Oceanic Anoxic Events (OAEs) have been recorded across the Phanerozoic and linked with catastrophic events in geological records, including the massive release of CO2 into the atmosphere and mass extinctions of marine animals, particularly during the Cretaceous period (e.g., OAE-2). Overall, the occurrence of OAEs were typically identified based on the deposition of organic-rich black shales, carbon isotopic excursions, and enrichment of redox-sensitive elements. While various OAE intervals have been extensively studied across the Tethys using multiproxy geochemical records, recognizing the expression, and understanding the duration of these events are rather challenging and a subject of active debate. This is further compounded by the time-consuming and expert-demanding analysis to interpret complex geochemical records associated with OAEs.

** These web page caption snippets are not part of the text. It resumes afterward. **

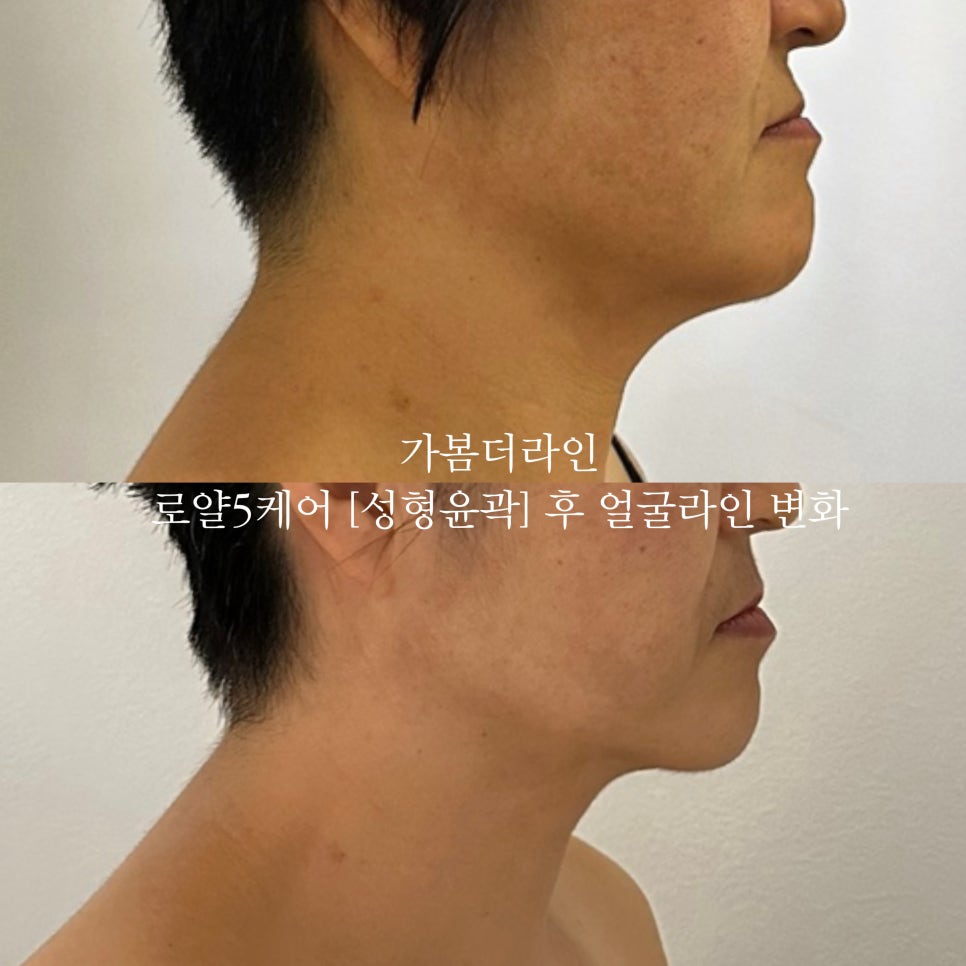 더라인 이미지
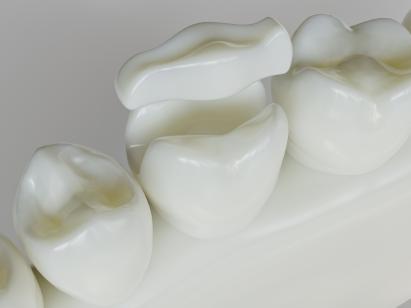 Wie unterscheiden sich Inlay und Onlay?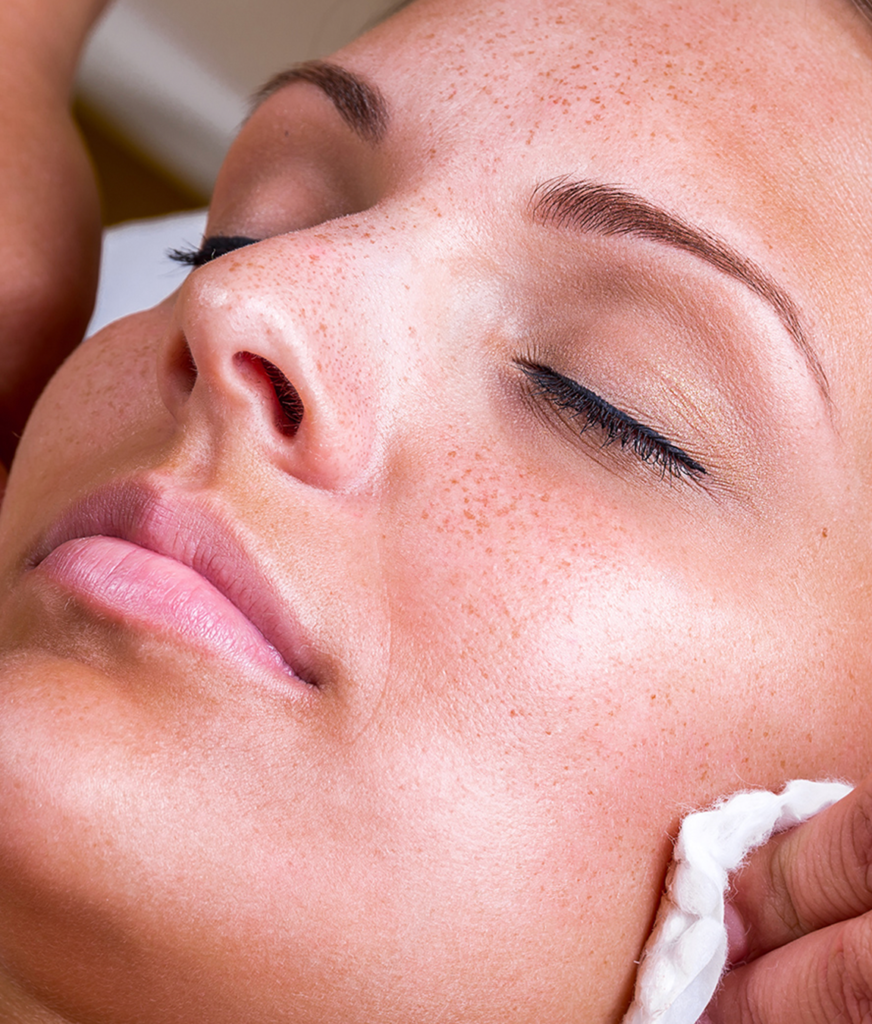 Freckle-faced woman receiving a TCA peel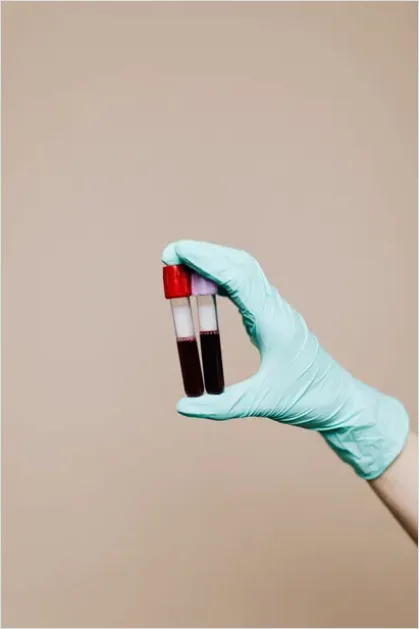 Detail Laboratory Technician Analyzing Blood Sample Number 16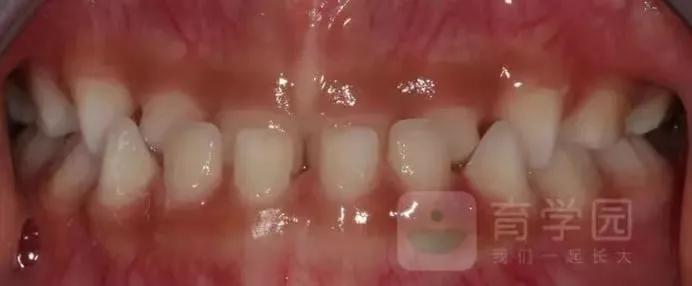 这几种小习惯正在毁掉宝宝的颜值,家长注意了这四种孩子会越来越丑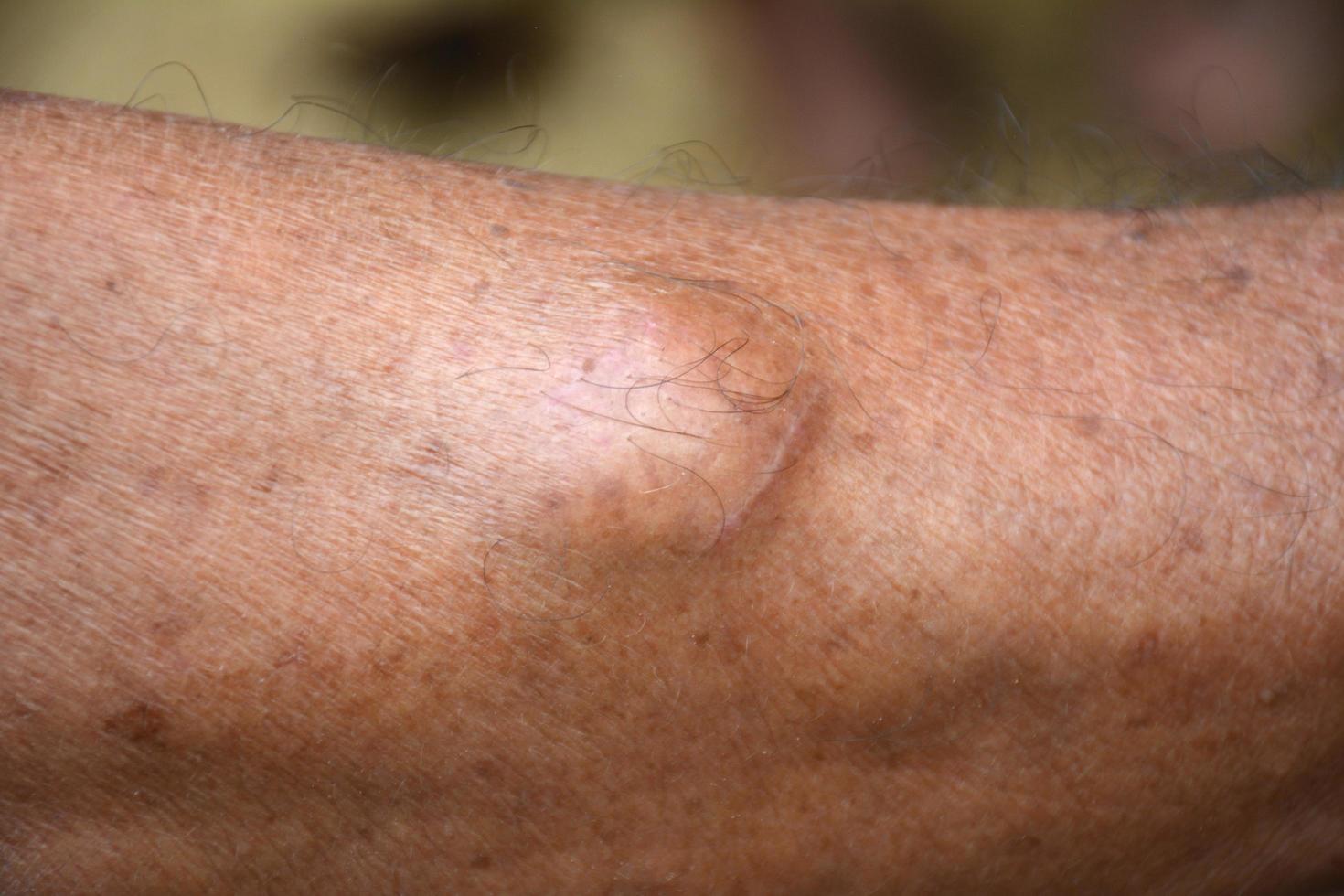 An old person's skin is abnormally raised. photo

To address these issues, we propose a novel approach by coupling data-driven geochemical analysis and ensemble machine learning to recognize and predict the occurrence of OAE-2 in the Upper Cretaceous based on key geochemical records (δ13Corg, TOC, Mo, V, U) collected from different areas geographically. Considering variation in data availability and completeness, we performed machine learning-based data imputation to fill the gaps in geochemical records without perturbing the overall trends and patterns. With this, our prediction of OAE in various locations using ensemble machine learning, achieving an accuracy of up to 90% in the validation and 78% in the blind test predictions. The model could also match the interpreted OAE-2 intervals from different locations with higher resolution prediction based on the δ13Corg and the TOC as the most important parameters followed by the sensitive redox elements. This suggests that the model utilized similar parameters used by geologists in identifying OAEs, increasing the model interpretability. Application of machine learning and data-driven geochemical analysis could help in providing a robust and time-efficient identification of OAE and find new unexplored OAEs along the stratigraphic records.